→ Task to complete:
The answer must be the lines from the one containing "1930 PERSIAN BAKHTIARI" through the last line of the data below, copied exactly, with nothing else.

[Scraped caption text data]
*** Block opens ***
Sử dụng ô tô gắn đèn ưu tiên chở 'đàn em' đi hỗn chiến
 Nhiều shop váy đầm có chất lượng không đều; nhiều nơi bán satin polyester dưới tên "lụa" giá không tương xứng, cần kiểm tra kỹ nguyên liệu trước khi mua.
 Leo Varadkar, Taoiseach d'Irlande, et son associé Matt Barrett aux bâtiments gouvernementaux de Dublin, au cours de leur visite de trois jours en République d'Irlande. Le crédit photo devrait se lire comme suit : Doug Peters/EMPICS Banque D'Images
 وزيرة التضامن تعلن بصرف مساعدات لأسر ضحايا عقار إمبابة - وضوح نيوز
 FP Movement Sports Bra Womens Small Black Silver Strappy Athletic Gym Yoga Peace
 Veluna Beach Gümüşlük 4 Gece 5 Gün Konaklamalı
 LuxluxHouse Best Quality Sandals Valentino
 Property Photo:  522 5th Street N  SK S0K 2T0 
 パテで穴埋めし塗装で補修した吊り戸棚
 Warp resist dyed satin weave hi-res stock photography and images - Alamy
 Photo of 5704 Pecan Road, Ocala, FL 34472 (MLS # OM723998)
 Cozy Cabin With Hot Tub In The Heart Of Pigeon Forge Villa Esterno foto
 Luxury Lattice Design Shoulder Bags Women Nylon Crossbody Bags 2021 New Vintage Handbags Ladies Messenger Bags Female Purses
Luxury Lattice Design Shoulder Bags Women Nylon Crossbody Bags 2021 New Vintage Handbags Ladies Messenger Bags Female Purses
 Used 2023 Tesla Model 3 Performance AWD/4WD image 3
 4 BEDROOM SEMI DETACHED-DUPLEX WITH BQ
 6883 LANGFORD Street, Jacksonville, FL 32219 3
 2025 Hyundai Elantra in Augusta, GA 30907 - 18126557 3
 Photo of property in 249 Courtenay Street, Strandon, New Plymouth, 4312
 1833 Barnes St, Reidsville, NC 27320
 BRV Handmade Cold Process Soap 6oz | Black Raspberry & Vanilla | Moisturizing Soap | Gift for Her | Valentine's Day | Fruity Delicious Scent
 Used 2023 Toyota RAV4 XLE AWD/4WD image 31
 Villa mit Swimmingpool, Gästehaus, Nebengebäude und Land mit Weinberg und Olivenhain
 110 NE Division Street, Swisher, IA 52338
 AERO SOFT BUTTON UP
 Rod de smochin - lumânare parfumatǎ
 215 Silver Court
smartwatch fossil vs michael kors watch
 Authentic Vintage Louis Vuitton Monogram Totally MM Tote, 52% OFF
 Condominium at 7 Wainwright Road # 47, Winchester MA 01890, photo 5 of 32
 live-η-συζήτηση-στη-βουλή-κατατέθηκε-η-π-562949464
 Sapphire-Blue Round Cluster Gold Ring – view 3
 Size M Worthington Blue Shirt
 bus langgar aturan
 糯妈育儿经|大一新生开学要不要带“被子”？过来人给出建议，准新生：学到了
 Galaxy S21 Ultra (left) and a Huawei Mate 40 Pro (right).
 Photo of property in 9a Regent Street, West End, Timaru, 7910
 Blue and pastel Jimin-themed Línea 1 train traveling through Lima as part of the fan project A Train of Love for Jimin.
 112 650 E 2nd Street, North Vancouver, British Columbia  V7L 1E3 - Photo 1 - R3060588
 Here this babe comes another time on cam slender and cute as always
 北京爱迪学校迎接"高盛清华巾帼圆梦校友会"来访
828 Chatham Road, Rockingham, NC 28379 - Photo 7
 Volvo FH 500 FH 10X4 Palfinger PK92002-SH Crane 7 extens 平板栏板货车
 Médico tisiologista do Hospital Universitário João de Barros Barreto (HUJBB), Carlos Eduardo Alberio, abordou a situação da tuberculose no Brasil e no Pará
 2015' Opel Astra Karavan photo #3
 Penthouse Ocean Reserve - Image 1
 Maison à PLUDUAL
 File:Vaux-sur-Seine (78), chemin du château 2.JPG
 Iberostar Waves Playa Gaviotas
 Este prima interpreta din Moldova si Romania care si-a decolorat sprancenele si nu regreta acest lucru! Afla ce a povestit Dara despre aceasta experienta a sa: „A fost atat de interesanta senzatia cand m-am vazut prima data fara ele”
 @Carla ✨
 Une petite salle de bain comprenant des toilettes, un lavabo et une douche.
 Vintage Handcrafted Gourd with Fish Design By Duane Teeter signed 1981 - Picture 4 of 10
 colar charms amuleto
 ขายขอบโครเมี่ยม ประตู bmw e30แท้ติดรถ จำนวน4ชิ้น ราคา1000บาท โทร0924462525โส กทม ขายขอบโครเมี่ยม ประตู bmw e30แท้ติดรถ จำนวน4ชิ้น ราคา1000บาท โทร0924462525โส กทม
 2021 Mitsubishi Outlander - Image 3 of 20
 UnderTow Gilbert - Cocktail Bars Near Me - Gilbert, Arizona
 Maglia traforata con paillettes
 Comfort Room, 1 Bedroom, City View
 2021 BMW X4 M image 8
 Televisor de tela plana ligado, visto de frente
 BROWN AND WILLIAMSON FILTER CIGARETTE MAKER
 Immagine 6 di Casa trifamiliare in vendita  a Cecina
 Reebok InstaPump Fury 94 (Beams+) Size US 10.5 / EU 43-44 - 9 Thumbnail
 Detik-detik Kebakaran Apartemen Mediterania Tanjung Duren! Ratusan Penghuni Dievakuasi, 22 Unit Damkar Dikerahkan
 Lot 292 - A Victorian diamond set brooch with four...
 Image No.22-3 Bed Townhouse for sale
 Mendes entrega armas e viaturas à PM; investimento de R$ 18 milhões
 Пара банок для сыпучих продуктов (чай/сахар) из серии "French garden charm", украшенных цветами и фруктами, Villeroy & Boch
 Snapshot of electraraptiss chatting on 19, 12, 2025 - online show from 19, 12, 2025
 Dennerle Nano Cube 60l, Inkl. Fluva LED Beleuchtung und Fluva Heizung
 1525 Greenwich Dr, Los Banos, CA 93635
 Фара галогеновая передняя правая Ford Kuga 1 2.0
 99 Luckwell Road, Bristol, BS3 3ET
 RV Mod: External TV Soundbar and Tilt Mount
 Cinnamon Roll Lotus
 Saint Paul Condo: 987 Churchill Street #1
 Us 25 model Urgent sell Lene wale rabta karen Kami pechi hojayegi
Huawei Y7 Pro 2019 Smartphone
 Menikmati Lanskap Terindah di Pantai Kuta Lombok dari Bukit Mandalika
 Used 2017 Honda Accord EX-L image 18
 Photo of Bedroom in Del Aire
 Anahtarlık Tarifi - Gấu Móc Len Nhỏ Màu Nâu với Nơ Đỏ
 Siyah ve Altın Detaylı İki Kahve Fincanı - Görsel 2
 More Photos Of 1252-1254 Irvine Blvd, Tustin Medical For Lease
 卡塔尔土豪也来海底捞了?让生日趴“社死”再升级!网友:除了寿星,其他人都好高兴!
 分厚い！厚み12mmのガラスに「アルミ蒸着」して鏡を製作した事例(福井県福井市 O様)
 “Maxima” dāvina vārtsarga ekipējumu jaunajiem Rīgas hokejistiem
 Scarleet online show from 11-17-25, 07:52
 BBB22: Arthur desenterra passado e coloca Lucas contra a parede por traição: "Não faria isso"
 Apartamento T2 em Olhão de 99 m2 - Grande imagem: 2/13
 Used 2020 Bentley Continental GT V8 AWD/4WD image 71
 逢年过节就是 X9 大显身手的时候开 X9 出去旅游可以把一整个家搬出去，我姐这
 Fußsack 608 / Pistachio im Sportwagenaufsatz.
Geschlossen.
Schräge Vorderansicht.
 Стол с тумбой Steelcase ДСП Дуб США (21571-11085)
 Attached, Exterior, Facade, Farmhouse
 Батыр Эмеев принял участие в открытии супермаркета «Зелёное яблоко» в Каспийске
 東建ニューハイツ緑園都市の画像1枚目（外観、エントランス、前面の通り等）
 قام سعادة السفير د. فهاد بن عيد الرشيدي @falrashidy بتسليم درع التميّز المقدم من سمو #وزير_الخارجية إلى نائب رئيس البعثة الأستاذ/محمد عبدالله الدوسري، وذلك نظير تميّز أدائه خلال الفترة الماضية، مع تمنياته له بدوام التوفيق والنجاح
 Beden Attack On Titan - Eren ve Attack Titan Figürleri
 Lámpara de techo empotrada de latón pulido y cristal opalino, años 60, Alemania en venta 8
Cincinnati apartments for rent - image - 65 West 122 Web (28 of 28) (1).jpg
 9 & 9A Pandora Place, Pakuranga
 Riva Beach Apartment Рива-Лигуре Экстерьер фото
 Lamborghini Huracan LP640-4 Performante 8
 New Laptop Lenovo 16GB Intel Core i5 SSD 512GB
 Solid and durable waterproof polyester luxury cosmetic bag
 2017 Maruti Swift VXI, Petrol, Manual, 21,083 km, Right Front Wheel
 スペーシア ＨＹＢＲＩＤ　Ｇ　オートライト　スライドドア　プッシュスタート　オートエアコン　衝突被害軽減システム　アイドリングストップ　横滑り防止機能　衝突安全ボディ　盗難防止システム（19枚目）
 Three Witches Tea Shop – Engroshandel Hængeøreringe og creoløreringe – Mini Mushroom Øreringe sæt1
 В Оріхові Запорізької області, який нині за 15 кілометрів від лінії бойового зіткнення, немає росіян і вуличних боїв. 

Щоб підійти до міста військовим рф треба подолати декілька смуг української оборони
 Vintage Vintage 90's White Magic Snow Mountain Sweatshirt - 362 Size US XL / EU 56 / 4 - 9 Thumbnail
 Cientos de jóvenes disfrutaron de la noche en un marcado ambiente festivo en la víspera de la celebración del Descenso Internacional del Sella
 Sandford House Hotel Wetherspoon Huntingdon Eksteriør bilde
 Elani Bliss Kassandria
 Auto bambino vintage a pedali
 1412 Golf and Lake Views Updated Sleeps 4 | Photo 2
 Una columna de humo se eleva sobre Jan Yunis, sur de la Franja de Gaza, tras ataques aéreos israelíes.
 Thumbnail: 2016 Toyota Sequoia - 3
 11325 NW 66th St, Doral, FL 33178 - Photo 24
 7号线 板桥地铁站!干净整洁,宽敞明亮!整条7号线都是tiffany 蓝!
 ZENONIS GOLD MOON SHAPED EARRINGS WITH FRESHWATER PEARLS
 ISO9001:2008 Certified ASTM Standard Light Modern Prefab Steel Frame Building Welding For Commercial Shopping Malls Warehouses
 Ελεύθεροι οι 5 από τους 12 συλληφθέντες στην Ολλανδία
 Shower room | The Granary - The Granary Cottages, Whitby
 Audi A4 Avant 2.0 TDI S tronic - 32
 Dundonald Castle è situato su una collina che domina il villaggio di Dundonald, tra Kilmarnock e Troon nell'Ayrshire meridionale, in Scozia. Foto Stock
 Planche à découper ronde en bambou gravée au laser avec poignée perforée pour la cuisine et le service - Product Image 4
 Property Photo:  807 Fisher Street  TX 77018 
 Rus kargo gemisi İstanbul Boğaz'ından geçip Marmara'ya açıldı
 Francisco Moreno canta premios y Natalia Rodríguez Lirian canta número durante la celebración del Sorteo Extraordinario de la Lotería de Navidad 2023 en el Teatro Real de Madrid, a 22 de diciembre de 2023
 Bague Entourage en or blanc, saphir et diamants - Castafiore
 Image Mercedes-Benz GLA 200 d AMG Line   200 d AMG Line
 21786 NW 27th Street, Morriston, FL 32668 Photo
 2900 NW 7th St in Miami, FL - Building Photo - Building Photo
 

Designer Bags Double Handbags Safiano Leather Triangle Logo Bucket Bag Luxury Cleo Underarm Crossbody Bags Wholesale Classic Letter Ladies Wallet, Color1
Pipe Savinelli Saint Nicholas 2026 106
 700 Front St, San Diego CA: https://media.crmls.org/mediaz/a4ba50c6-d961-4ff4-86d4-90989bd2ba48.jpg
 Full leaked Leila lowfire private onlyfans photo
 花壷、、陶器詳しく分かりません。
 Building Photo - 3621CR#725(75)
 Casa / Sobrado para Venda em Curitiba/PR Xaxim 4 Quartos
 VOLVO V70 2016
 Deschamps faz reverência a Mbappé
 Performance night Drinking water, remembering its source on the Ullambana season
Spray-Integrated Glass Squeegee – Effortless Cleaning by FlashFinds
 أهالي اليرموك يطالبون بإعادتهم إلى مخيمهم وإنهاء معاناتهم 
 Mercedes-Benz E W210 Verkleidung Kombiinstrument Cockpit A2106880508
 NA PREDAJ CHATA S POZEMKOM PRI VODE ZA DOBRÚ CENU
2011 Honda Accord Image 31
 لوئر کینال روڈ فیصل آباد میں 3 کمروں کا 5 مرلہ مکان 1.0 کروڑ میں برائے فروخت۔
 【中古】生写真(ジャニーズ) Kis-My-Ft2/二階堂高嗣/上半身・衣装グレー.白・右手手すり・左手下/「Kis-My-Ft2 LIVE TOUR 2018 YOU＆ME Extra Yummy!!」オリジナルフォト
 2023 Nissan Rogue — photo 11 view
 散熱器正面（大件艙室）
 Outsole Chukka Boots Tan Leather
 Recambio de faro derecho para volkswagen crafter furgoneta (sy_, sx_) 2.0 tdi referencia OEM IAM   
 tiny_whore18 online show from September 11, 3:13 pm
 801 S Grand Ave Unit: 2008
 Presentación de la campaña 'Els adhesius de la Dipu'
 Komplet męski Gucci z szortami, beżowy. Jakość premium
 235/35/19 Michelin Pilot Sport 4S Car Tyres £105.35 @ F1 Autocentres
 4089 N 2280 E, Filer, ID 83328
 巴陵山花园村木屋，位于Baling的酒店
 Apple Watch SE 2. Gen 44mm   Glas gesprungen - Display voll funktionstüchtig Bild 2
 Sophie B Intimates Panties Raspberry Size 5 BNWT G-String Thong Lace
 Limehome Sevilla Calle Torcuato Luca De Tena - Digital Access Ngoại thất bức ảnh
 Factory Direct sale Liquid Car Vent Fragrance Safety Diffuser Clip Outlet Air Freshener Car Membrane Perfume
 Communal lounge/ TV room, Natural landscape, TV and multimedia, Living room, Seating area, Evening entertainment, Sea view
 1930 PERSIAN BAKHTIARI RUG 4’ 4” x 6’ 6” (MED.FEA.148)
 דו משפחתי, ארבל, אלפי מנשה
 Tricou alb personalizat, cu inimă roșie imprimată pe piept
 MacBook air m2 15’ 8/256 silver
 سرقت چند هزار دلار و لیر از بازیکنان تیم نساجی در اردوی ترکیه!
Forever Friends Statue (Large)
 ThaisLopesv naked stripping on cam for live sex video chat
*** Block closes ***
→ Written response:
 1930 PERSIAN BAKHTIARI RUG 4’ 4” x 6’ 6” (MED.FEA.148)
 דו משפחתי, ארבל, אלפי מנשה
 Tricou alb personalizat, cu inimă roșie imprimată pe piept
 MacBook air m2 15’ 8/256 silver
 سرقت چند هزار دلار و لیر از بازیکنان تیم نساجی در اردوی ترکیه!
Forever Friends Statue (Large)
 ThaisLopesv naked stripping on cam for live sex video chat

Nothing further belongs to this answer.